Take a gander at this...

3 replies

FlamedToACrisp · 12/12/2020 22:35

Why do people say, "What's good for the goose is good for the gander," to mean... ooh... just about any random thing, from what I can make out?
The phrase is, "Sauce for the goose is sauce for the gander."

OP posts:
PuppyMonkey · 12/12/2020 22:39

I don’t understand why the sauce thing is particularly important?

Doesn’t it just mean if it’s acceptable for one thing, it’s acceptable for another?
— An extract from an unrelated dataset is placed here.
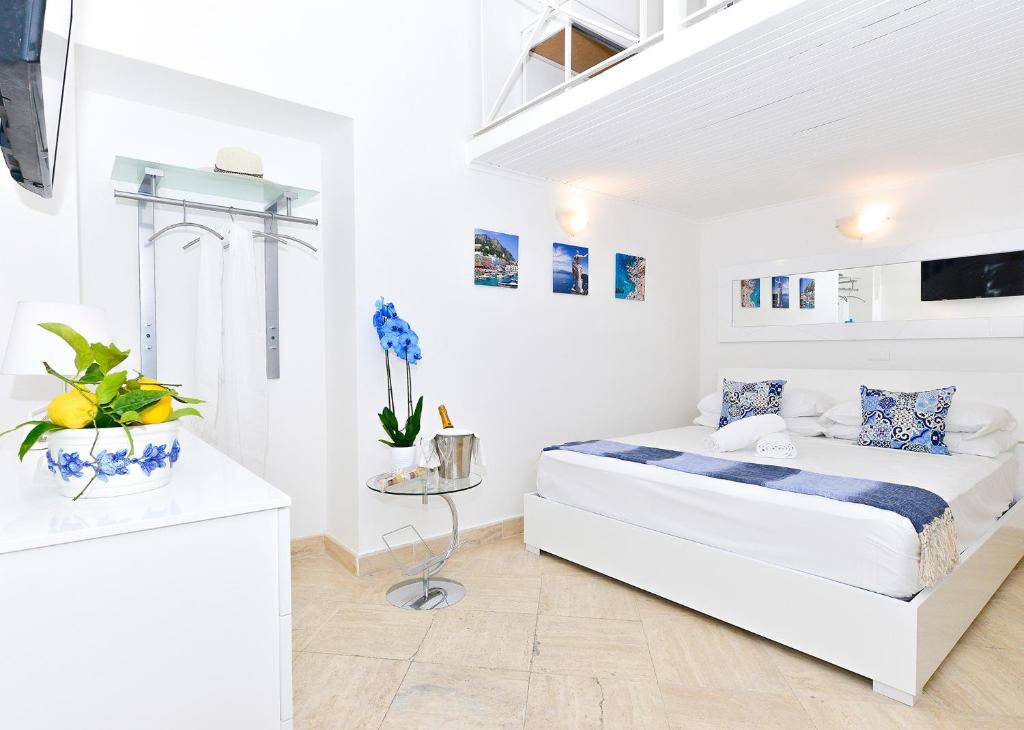 卡普里La Perla Blu的一间白色卧室,卧室内配有一张床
Confused

Preparing to be enlightened!

butterpuffed · 13/12/2020 08:26

I'm not sure, OP, whether you're querying if it's 'sauce' or 'good' or the actual meaning .

Agree with Puppy... if it's good enough for X then it's good enough for Y.

pigsDOfly · 17/12/2020 00:07

I always understood the saying to be: 'what's sauce for the goose is sauce for the gander'.

It definitely isn't 'what's good for the goose is good for the gander' although, I've heard that used many times.

So many of these saying seem to have been changed over recent years.

One that I find particularly annoying is the saying: 'the proof of the pudding is in the eating' having been changed to 'the proof's in the pudding'. It doesn't have the same meaning and it makes no sense.